The required output is the lines below from the line containing "ABRO Masking Tape" to the line containing "Серьги с облагороженным рубином", inclusive, retyped exactly. No other lines belong in it.

_DATASET EXTRACT_.

--- START ---

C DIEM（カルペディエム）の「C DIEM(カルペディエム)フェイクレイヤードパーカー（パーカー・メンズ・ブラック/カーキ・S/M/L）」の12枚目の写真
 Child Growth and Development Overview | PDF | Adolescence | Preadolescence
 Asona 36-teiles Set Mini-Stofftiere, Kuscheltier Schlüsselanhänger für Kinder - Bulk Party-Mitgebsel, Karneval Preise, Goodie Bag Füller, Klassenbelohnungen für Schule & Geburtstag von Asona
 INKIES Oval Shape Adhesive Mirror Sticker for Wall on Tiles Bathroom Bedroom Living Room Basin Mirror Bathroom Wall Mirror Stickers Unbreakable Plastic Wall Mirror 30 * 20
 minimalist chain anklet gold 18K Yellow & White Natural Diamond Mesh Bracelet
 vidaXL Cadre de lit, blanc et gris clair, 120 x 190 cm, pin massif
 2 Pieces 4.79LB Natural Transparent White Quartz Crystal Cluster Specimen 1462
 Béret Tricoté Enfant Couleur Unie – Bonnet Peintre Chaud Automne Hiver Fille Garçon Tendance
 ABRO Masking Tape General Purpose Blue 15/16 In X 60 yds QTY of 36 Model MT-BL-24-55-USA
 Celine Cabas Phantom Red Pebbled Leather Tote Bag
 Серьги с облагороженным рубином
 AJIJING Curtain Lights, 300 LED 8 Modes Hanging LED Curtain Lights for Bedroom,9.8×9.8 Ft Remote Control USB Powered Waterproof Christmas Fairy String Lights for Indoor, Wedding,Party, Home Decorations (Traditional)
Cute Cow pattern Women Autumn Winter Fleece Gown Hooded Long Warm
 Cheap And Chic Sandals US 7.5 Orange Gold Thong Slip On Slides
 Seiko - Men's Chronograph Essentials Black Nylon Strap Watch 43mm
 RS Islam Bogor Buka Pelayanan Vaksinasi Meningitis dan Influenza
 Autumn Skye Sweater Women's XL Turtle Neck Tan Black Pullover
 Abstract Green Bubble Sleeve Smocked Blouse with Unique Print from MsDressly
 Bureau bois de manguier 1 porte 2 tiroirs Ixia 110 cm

--- END ---

_ANSWER BOX_.
 ABRO Masking Tape General Purpose Blue 15/16 In X 60 yds QTY of 36 Model MT-BL-24-55-USA
 Celine Cabas Phantom Red Pebbled Leather Tote Bag
 Серьги с облагороженным рубином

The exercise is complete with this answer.